# ASSIGNMENT:
Type out the lines below exactly, pictures excluded.

Pictures with short captions:
= Beginning of Section =

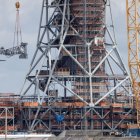 Estructura para facilitar futuras misiones a la Luna.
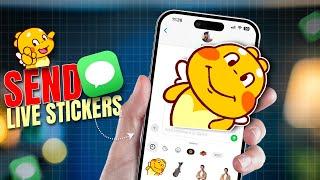 How to Send Live Stickers in iMessage on iPhone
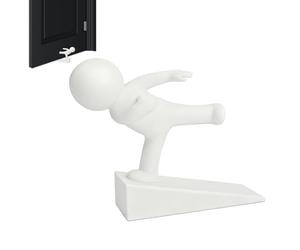 Fermaporta - fermaporta | protezione per porta, strumento antiscivolo, per il pavimento dell'ufficio a casa, soggiorno, camera dei bambini, patio, pavimenti della scuola materna, non grattano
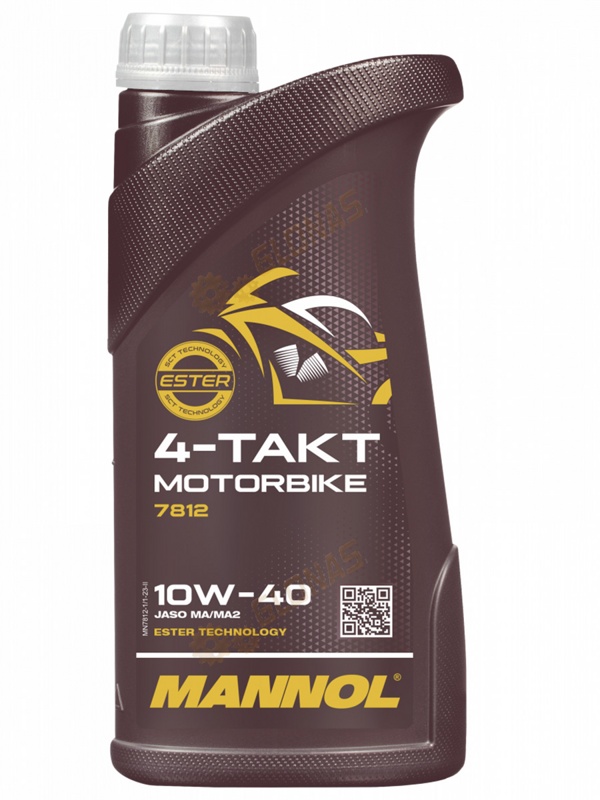 Mannol Motorbike 4-Takt 10w-40 1л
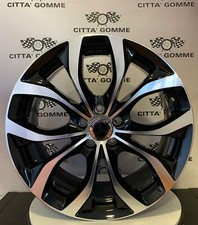 Set 4 Compatible Alloy Wheels For Mercedes Class A B C Cla Gla From 16 New Set 4 Compatible Alloy Wheels For Mercedes Class A B C Cla Gla From 16 New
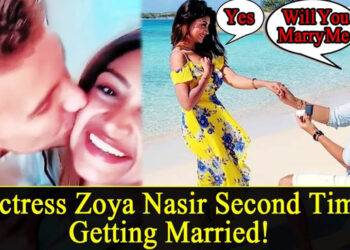 Actress Zoya Nasir Second Time Getting Married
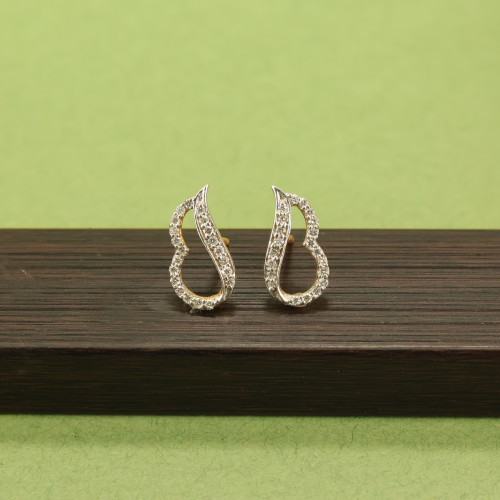 Real Diamond Earring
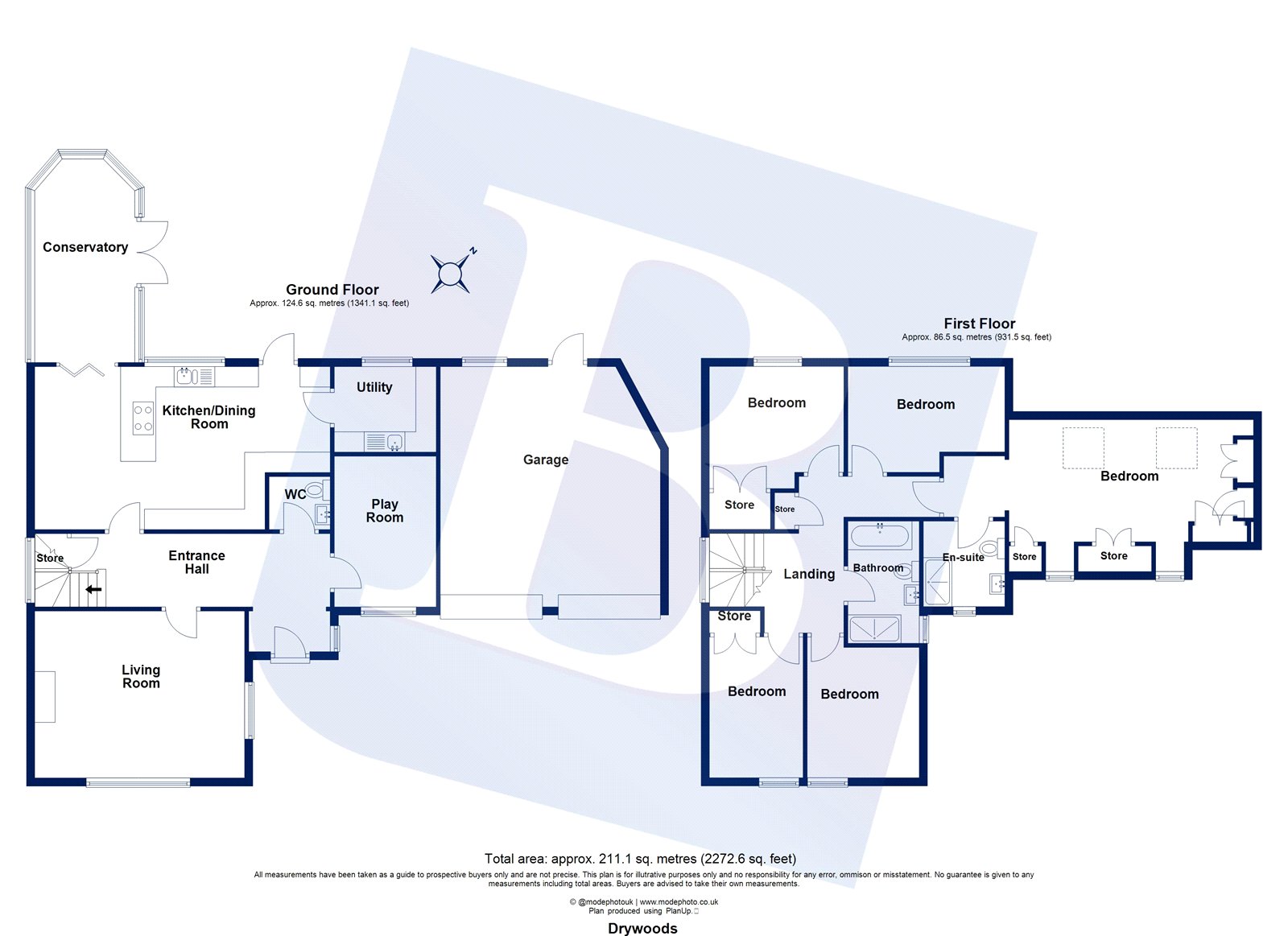 19, Drywoods, Chelmsford floorplan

= End of Section =

# YOUR RESPONSE:
 Estructura para facilitar futuras misiones a la Luna.
 How to Send Live Stickers in iMessage on iPhone
 Fermaporta - fermaporta | protezione per porta, strumento antiscivolo, per il pavimento dell'ufficio a casa, soggiorno, camera dei bambini, patio, pavimenti della scuola materna, non grattano
 Mannol Motorbike 4-Takt 10w-40 1л
 Set 4 Compatible Alloy Wheels For Mercedes Class A B C Cla Gla From 16 New Set 4 Compatible Alloy Wheels For Mercedes Class A B C Cla Gla From 16 New
 Actress Zoya Nasir Second Time Getting Married
 Real Diamond Earring
 19, Drywoods, Chelmsford floorplan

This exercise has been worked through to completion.